** DIRECTIONS **
Copy every line of the records exactly, without including the images.

** RECORDED INFORMATION **
------------------------------

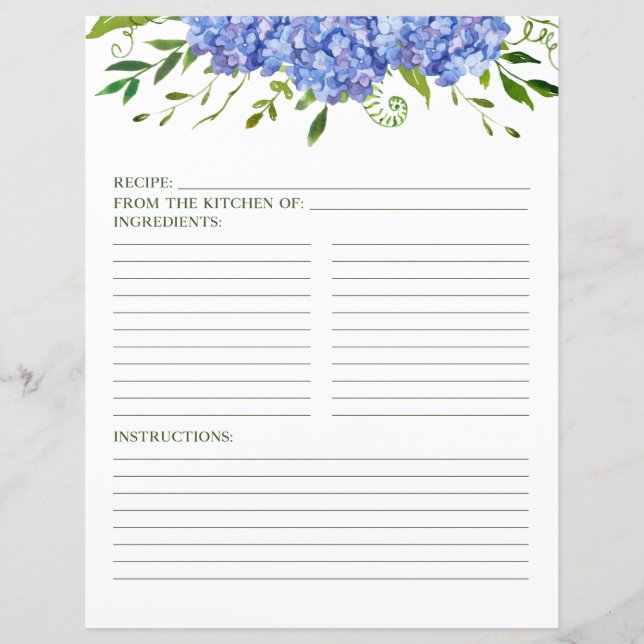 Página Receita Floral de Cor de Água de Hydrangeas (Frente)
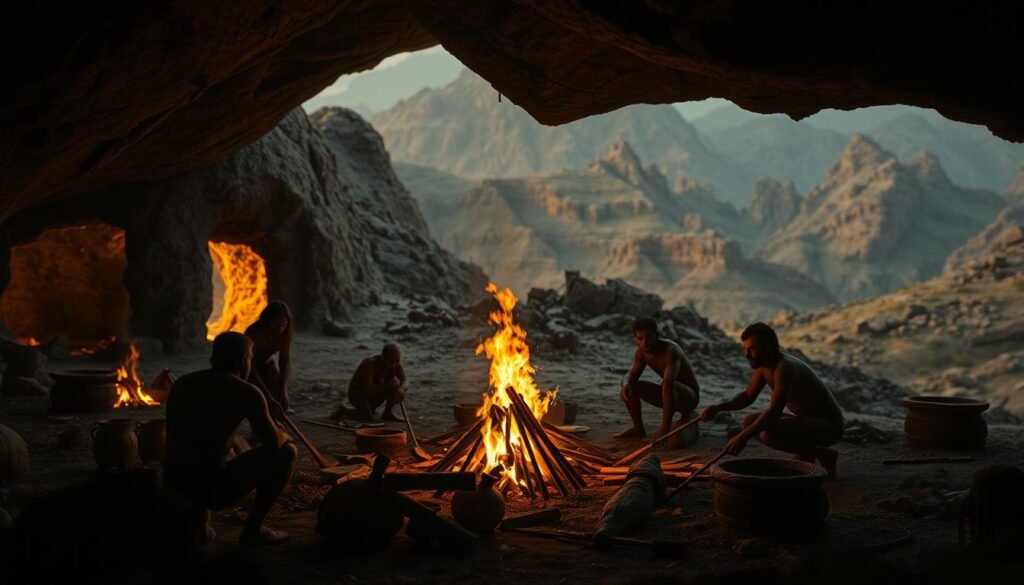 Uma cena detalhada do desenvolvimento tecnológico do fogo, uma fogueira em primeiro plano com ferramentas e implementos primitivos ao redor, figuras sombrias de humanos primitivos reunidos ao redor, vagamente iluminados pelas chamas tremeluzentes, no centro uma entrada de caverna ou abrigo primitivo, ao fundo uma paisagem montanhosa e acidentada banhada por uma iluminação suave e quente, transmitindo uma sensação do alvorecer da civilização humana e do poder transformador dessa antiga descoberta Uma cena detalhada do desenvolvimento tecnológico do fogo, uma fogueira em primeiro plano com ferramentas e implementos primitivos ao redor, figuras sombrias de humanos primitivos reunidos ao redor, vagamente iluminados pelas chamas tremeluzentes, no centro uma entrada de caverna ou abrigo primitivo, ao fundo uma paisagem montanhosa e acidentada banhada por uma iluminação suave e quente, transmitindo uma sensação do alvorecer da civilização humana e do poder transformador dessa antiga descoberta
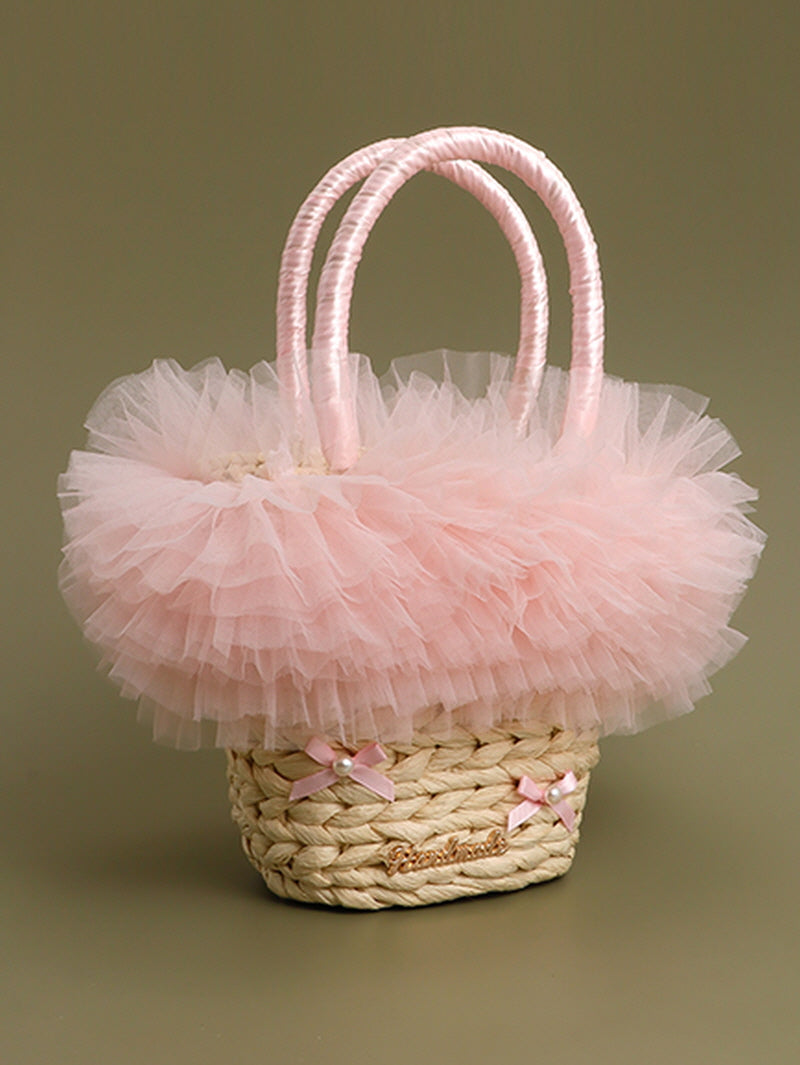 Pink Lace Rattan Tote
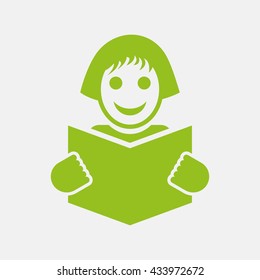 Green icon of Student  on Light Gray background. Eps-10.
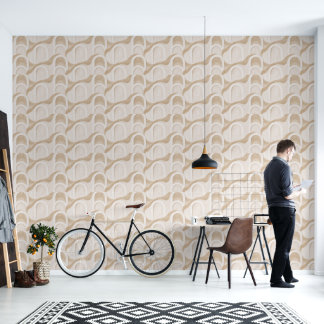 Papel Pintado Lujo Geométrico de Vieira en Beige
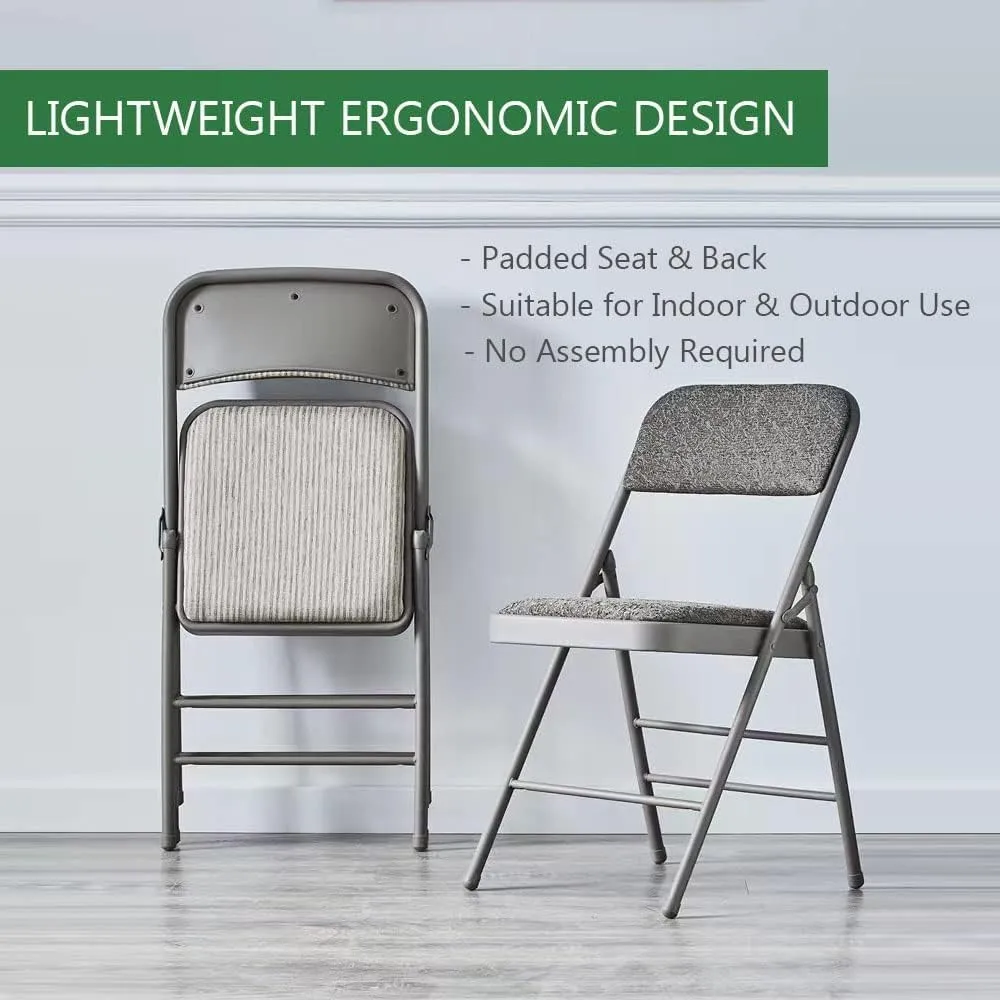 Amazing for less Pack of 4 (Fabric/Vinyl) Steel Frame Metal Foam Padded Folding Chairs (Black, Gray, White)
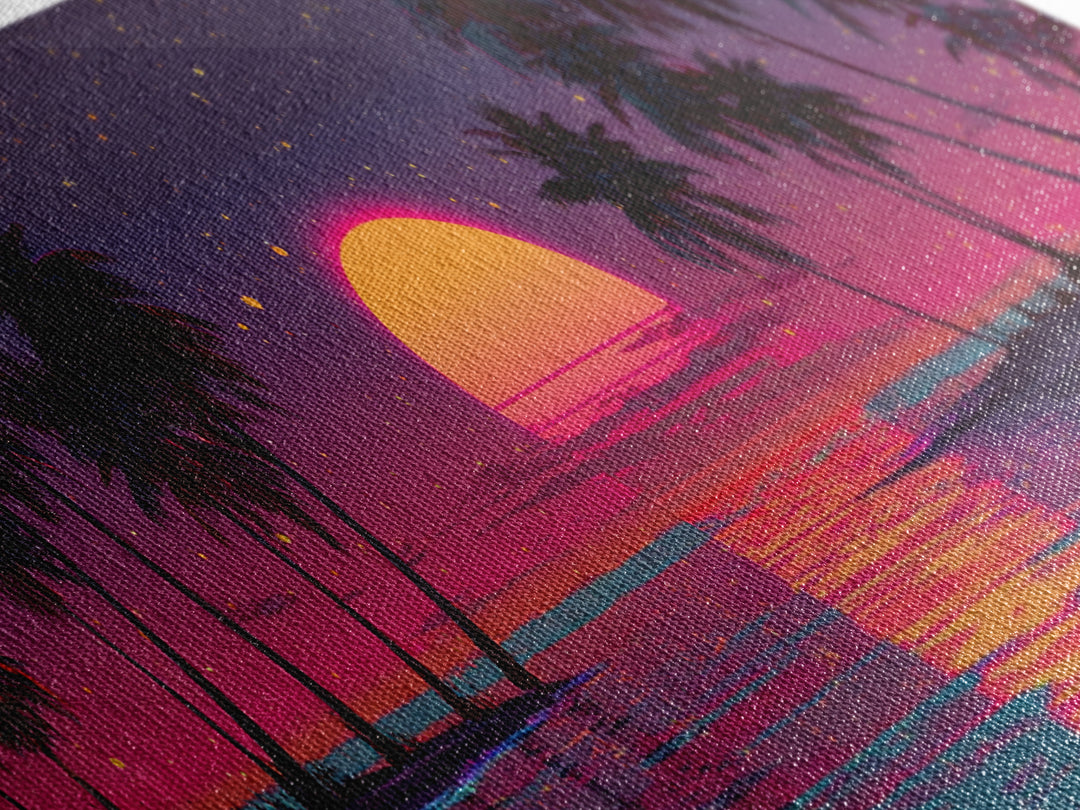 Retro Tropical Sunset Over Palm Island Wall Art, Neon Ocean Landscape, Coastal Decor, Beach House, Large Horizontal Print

------------------------------

** TASK SOLUTION **
 Página Receita Floral de Cor de Água de Hydrangeas (Frente)
 Uma cena detalhada do desenvolvimento tecnológico do fogo, uma fogueira em primeiro plano com ferramentas e implementos primitivos ao redor, figuras sombrias de humanos primitivos reunidos ao redor, vagamente iluminados pelas chamas tremeluzentes, no centro uma entrada de caverna ou abrigo primitivo, ao fundo uma paisagem montanhosa e acidentada banhada por uma iluminação suave e quente, transmitindo uma sensação do alvorecer da civilização humana e do poder transformador dessa antiga descoberta Uma cena detalhada do desenvolvimento tecnológico do fogo, uma fogueira em primeiro plano com ferramentas e implementos primitivos ao redor, figuras sombrias de humanos primitivos reunidos ao redor, vagamente iluminados pelas chamas tremeluzentes, no centro uma entrada de caverna ou abrigo primitivo, ao fundo uma paisagem montanhosa e acidentada banhada por uma iluminação suave e quente, transmitindo uma sensação do alvorecer da civilização humana e do poder transformador dessa antiga descoberta
 Pink Lace Rattan Tote
 Green icon of Student  on Light Gray background. Eps-10.
 Papel Pintado Lujo Geométrico de Vieira en Beige
 Amazing for less Pack of 4 (Fabric/Vinyl) Steel Frame Metal Foam Padded Folding Chairs (Black, Gray, White)
 Retro Tropical Sunset Over Palm Island Wall Art, Neon Ocean Landscape, Coastal Decor, Beach House, Large Horizontal Print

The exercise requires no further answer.